TASK DESCRIPTION: Please give back, word for word, only the lines starting at the one containing "So this is the" and ending at the one containing "For the number" within the material below.

DATA:
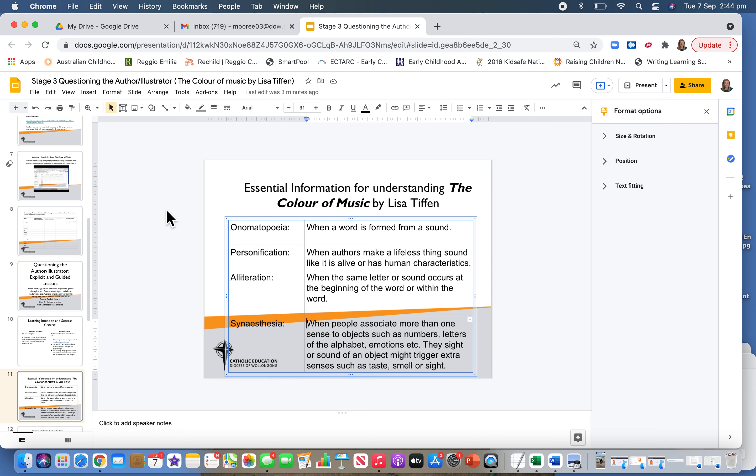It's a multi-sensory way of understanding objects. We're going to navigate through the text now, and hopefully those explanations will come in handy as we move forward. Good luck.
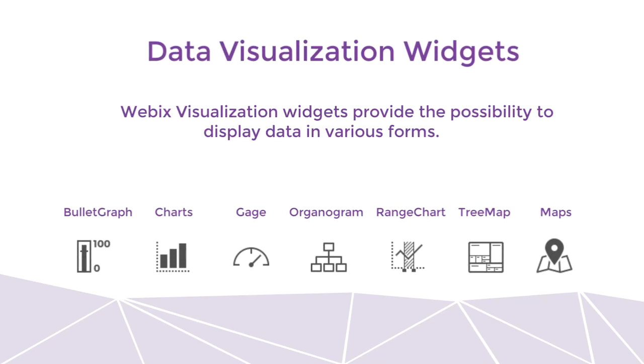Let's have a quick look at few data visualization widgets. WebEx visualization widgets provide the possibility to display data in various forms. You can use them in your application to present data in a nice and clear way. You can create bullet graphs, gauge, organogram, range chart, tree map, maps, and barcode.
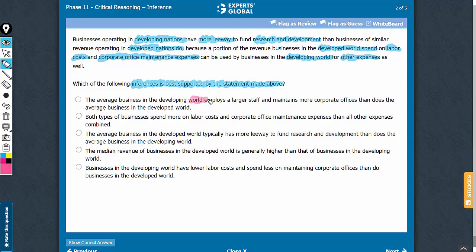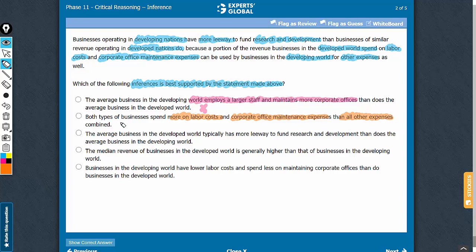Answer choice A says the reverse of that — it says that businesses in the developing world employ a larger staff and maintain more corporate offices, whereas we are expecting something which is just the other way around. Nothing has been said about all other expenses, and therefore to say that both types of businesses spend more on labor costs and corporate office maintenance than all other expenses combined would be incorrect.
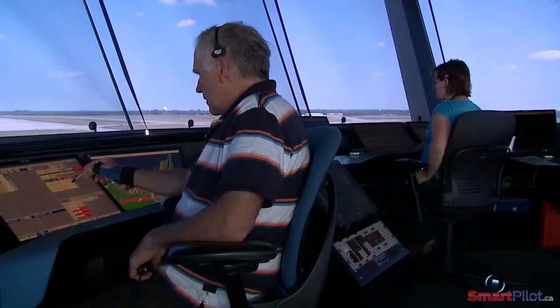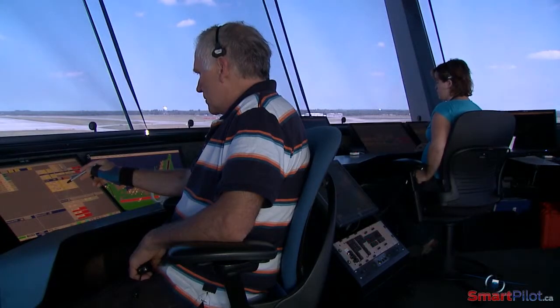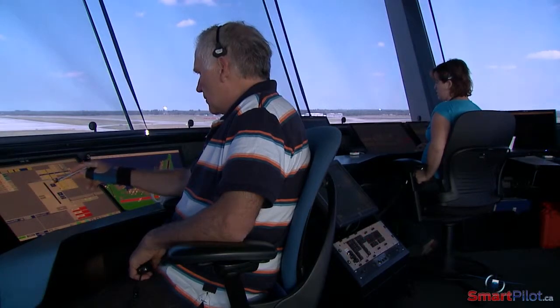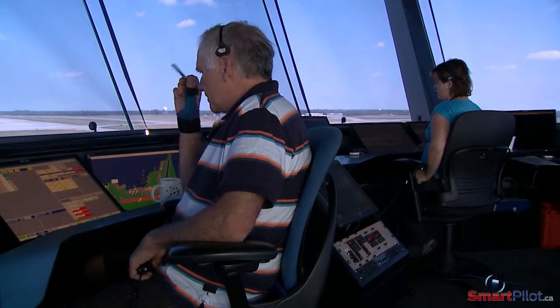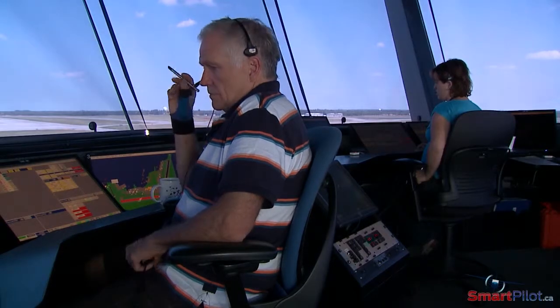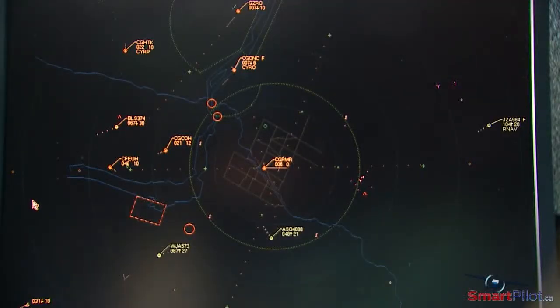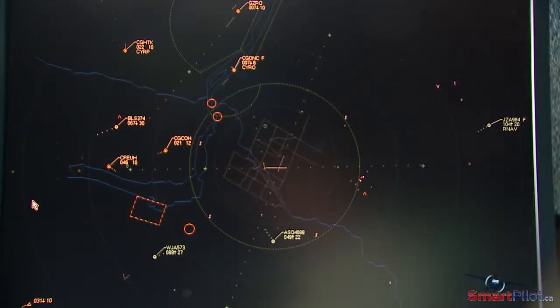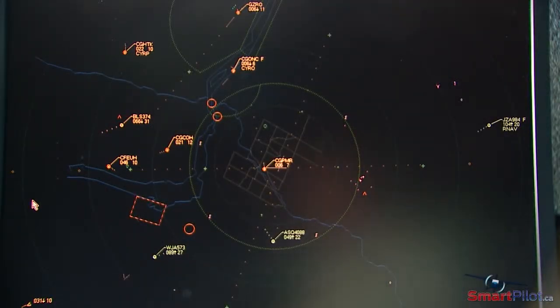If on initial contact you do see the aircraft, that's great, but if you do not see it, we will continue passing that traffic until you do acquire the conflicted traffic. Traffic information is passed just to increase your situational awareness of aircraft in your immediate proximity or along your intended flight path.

==

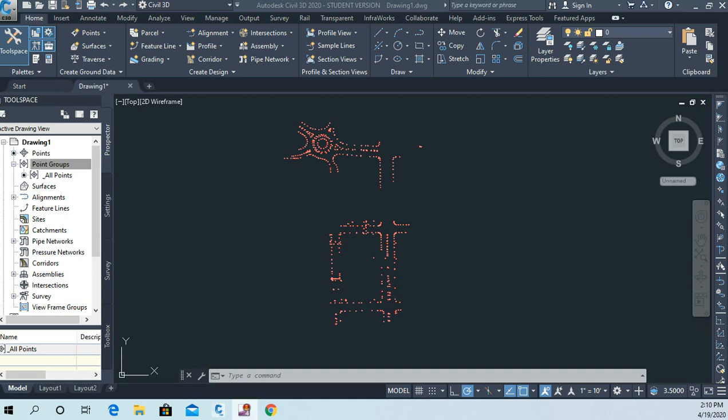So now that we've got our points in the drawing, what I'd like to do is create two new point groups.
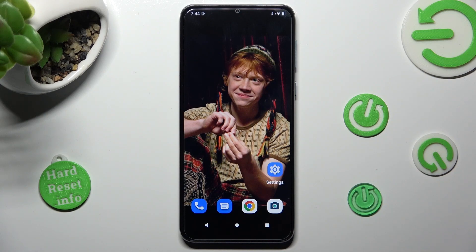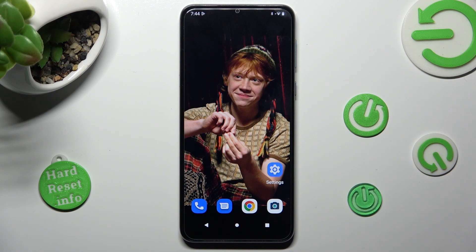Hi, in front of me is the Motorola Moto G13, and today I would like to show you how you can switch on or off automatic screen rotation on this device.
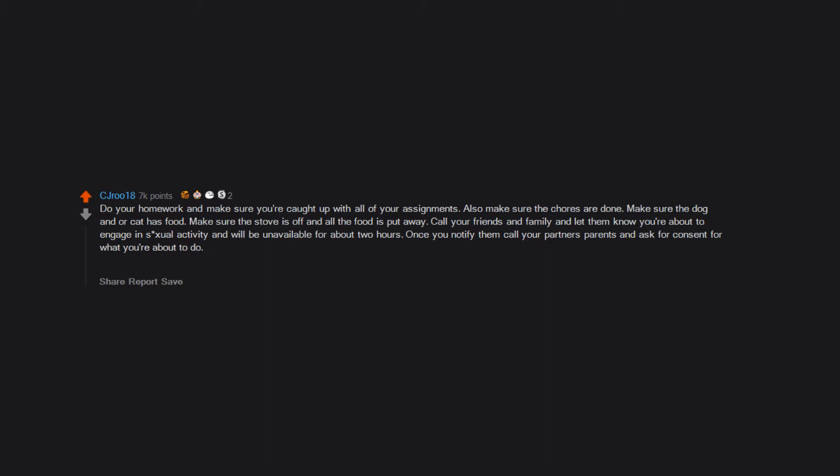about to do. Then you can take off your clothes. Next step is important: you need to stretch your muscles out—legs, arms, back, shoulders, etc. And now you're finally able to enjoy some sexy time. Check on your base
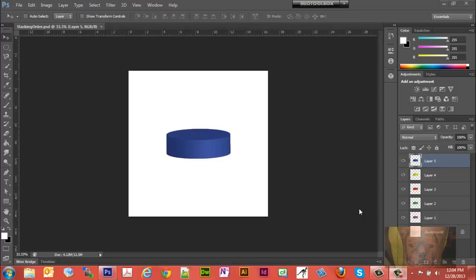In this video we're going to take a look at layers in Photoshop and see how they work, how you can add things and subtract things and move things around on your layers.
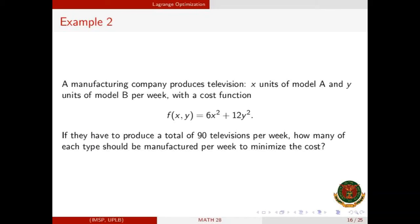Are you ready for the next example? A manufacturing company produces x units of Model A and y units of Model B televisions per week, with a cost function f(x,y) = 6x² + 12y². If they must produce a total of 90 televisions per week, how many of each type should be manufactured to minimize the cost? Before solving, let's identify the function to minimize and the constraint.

* * *

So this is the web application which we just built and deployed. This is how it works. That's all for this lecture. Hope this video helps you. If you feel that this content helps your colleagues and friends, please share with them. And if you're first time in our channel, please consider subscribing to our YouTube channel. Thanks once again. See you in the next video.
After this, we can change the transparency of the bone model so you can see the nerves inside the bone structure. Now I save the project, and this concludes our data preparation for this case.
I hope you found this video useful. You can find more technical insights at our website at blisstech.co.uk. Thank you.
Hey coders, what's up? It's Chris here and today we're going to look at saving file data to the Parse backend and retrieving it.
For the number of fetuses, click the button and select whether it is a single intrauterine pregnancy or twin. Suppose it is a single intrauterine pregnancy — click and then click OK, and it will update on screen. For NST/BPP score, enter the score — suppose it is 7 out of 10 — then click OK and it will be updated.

WRITTEN SOLUTION:
So this is the web application which we just built and deployed. This is how it works. That's all for this lecture. Hope this video helps you. If you feel that this content helps your colleagues and friends, please share with them. And if you're first time in our channel, please consider subscribing to our YouTube channel. Thanks once again. See you in the next video.
After this, we can change the transparency of the bone model so you can see the nerves inside the bone structure. Now I save the project, and this concludes our data preparation for this case.
I hope you found this video useful. You can find more technical insights at our website at blisstech.co.uk. Thank you.
Hey coders, what's up? It's Chris here and today we're going to look at saving file data to the Parse backend and retrieving it.
For the number of fetuses, click the button and select whether it is a single intrauterine pregnancy or twin. Suppose it is a single intrauterine pregnancy — click and then click OK, and it will update on screen. For NST/BPP score, enter the score — suppose it is 7 out of 10 — then click OK and it will be updated.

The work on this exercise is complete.